**SUPPLIED RECORDS**.
++++++++++++++++++++

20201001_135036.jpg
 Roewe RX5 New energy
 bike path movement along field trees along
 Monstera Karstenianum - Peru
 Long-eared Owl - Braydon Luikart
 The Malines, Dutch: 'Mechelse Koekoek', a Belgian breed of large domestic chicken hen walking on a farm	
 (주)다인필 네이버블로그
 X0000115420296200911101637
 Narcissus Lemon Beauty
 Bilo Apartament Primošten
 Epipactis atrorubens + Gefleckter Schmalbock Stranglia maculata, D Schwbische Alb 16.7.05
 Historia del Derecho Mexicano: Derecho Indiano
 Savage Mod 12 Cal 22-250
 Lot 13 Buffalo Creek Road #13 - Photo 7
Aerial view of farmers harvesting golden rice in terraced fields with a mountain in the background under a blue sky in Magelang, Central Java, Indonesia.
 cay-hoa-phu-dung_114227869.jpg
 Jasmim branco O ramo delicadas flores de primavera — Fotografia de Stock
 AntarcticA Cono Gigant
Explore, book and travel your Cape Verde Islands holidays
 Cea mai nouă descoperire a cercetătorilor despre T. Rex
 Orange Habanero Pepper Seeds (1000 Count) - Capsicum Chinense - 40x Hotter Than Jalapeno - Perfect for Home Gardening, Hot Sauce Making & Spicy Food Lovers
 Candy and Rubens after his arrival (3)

++++++++++++++++++++

**TASK REQUIREMENTS**. Scan the entries above for the line containing "(주)다인필 네이버블로그", and copy it and all lines after it exactly, down to and including the line containing "Lot 13 Buffalo Creek Road #13 - Photo 7".

**WRITTEN SOLUTION**.
 (주)다인필 네이버블로그
 X0000115420296200911101637
 Narcissus Lemon Beauty
 Bilo Apartament Primošten
 Epipactis atrorubens + Gefleckter Schmalbock Stranglia maculata, D Schwbische Alb 16.7.05
 Historia del Derecho Mexicano: Derecho Indiano
 Savage Mod 12 Cal 22-250
 Lot 13 Buffalo Creek Road #13 - Photo 7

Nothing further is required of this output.